I started looking for work as soon as I moved home, it seemed impossible. All I wanted was something to help pay the bills and allow for a little flexibility - you know, in case Will ever gets seen by the VA. I applied all over the place but nothing. I went on an interview at one well known insurance company (quack quack) but I wasn't impressed with the pay structure or the way they go about getting business. I was actually told I would do well at auto body shops and places like that if I wore tight skirts and flirted! Thanks but no.
When another insurance company came a calling I was very against the idea, paying for a class, paying for my license, commission only...it would be a gamble. Will convinced me it was time to invest in myself again. I liked the company, the lead structure the pay structure, it seemed like it could work as long as I put in the work. I did and got my license in February.

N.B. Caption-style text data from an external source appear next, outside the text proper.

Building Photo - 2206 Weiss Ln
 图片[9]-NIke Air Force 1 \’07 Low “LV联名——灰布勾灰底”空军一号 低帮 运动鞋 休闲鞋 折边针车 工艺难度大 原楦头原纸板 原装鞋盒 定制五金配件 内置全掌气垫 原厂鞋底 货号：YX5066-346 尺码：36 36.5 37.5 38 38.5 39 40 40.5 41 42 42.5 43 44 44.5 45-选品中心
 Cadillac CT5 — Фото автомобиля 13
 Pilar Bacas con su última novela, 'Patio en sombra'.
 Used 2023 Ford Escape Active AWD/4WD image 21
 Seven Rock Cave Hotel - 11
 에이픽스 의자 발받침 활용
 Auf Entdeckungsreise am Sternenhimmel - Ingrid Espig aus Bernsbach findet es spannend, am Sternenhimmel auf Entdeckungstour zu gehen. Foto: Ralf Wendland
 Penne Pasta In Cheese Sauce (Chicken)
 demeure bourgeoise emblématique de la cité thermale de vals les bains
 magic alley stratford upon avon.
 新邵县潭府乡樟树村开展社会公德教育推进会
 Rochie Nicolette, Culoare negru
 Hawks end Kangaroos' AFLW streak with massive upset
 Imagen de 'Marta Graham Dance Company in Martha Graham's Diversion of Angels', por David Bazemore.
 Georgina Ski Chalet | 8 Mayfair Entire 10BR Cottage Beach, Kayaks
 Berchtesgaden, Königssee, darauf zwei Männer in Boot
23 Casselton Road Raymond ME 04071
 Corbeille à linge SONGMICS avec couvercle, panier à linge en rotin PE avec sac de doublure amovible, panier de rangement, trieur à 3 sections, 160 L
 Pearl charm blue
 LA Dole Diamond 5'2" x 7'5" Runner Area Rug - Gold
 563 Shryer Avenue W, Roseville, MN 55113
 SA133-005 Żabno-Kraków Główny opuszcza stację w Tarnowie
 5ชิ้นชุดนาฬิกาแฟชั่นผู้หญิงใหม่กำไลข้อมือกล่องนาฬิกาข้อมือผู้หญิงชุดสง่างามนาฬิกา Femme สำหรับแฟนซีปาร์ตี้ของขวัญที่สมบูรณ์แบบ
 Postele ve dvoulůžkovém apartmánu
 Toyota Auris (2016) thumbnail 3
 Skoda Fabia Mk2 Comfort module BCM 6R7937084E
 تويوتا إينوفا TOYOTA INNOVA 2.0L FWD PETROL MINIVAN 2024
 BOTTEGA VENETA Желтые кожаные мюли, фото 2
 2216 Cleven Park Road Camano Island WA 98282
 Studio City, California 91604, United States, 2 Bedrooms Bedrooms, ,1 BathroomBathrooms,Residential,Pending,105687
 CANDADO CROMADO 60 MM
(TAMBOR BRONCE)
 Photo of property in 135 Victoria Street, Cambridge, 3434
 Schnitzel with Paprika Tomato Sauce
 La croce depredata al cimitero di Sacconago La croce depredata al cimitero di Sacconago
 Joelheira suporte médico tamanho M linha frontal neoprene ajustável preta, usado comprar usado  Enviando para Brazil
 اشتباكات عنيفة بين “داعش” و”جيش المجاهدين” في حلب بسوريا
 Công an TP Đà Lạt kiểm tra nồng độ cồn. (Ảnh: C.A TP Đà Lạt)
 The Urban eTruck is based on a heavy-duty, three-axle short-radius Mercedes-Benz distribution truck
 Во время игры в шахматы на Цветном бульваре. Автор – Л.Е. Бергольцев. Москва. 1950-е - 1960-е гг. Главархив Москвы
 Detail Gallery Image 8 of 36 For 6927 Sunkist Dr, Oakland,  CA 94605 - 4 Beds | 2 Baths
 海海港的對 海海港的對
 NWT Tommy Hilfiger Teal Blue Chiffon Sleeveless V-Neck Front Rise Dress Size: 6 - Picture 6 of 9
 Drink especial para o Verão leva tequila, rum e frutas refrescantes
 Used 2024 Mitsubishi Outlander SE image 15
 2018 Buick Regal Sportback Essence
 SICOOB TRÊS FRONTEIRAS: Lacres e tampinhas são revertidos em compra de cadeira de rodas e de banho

I sell life insurance, a really good product. I feel good about what I do, when I leave a home I know that they family I just signed up has done something amazing for those they will leave behind someday. And if a family doesn't buy for whatever reason I leave knowing that they now know more about life insurance and hopefully in the future they will be sure their family is protected. I even set myself up with a really nice policy, unfortunatly Will is uninsurable - I wish I had thought about that possibility when I thought the army insuance would be good enough - you know were were going to be lifers.
I am doing pretty well for myself, I was just promoted to a supervising agent and will soon be leading my own team of new hires. It's very exciting and surprising, I was the "I'll NEVER do sales" girl and now I am handing out my card everywhere I go. It feels good to be financially contributing to the family again, I haven't heard "with whos money" in a very long time.
The hours are taking some getting used to, I meet with families so I don't start my appointments unit 3 in the afternoon, my last can be as late as 9PM. I have appointments Tuesday, Wednesday and Friday nights and Saturday mornings. On Monday and Thursday I am in the office making phone calls and in meetings from 12-9. I also work some Sundays, in fact I have to go to an appointment in a few hours today. Working at night means I get to spend a lot of time with the girls since they aren't in school. I think we are going to forgo preK for TC because it would mean we never see each other. I love that I get so much time with them as a working mom but it also means I am mom from 6AM-3PM then I start my working day. When I get home I am too tired to really have any me time at all. It's hard but I know how lucky I am to get my mornings so I try not to complain.
Will has been the stay at home dad thing and it's going pretty well. I 'm pretty sure he now gets everything I was trying to say for all those years that I was home with kids. It is really hard for me to let go of control, how I want things done with them but it's not my job anymore.
Since I've started working I haven't had time to get to the gym, I haven't gone in weeks and I HATE it. Will really guilts me every time I want to take an hour to get there. I need to get over that guilty feeling, it does the girls a lot of good to see me taking time to better myself and stay healthy.
But that's pretty much what I've been up to. Selling policies and changing diapers.